IDEA Q: IDEA brings together designers from a variety of backgrounds and disciplines to address the challenge of designing complex information spaces. What did you learn about the creative process and innovation at IDEA 2006? Did any of these lessons make it into your new book “The Myths of Innovation”?

Scott: All design is problem solving and IDEA 2006 showcased how storytellers, architects and visual designers share the same challenges: finding new ways to solve problems for people. The myths of innovation book is related, as it explores the patterns of innovation that we often overlook in how new things have come to be. There are definitely strong connections between what designers, and innovators, try to do.

IDEA Q: In recent writings and presentations, you talk about decision-making authority and specifically with regards to the IA, product designer, or usability engineer role in authority over design or usability issues. Can you explain what you mean by this? Is there really that much of a split in your view between being a Decision maker and being a Consultant? Are both roles needed in the innovation process?

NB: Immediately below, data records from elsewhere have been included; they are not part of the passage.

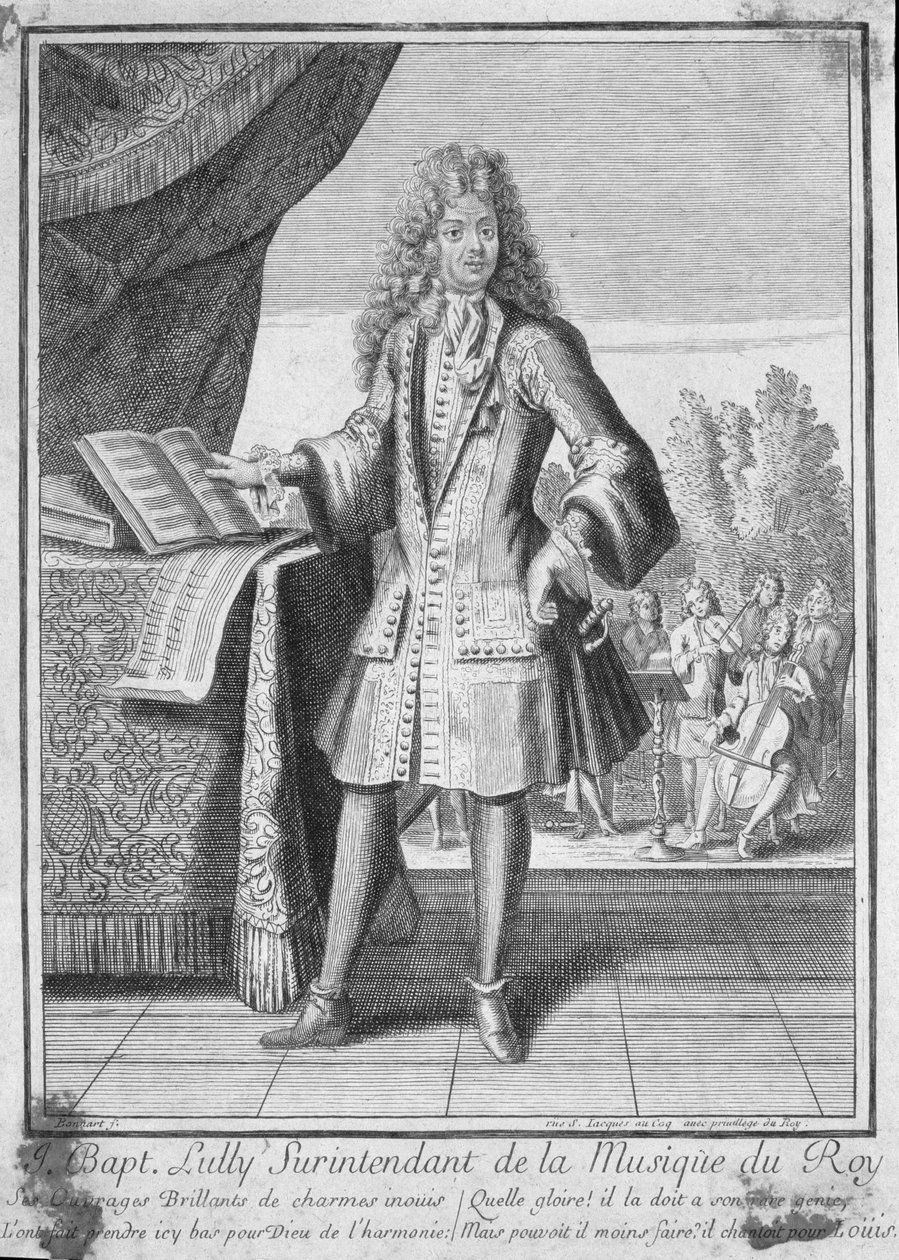 Jean-Baptiste Lullyn (1632-87) muotokuva tekijältä French School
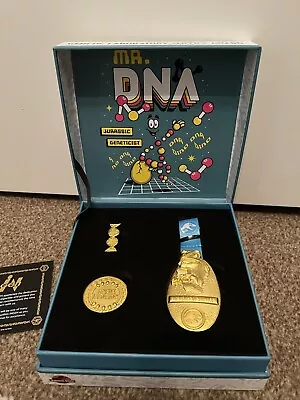 Jurassic Park Genetics Division Service Award Medal Collectors Box BNIB NEW • $77.43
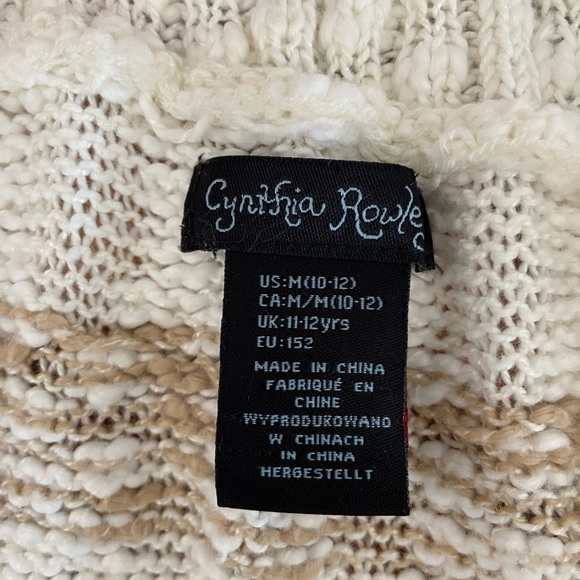 ☃️Cynthia Rowley Textured Knit Toggle Front Enclosure Fold Over Collar Knit Vest - Picture 4 of 5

Scott: It’s always good to know who in the room is going to call the shot - otherwise everyone spends more time fighting for power than actually trying to solve problems. I think designers can play the decision maker role, but they have to then be willing to incorporate business, political and engineering constraints into their decisions. But yes, both roles are useful. Consultants can take bigger risks in their ideas since the final decision isn’t theirs - it can be empowering not to be final decision maker.

IDEA Q: What was your “ah ha” moment of IDEA 2006?

Scott: The most amazing thing I saw was Cabspotter by the folks at Stamen. Not sure how useful it is, but I was entirely mesmerized.

IDEA Q: Will you be attending the 2007 conference in October in NYC?

Scott: What could be better than NYC in October? I hope to be there.

About Scott Berkun:
Scott is an author, public speaker and consultant. He worked as a manager at Microsoft from 1994-2003, on projects including (v1-5) of Internet Explorer, Windows and MSN.

He started his own consulting practice in 2003. Wrote the best seller “The Art of Project Management” (O’Reilly 2005) and “Myths of Innovation” (O’Reilly 2007). And teaches a graduate course in creative thinking at the University of Washington.

He’s an excellent speaker for hire, and frequently performs workshops, talks, and courses for organizations, conferences and the occasional living room couch.

Scott grew up in Queens NYC, studied design, philosophy and computer science at Carnegie Mellon University, graduating with a B.S. in Logic and Computation (’94). He currently lives somewhere deep in the woods outside of Seattle, Washington.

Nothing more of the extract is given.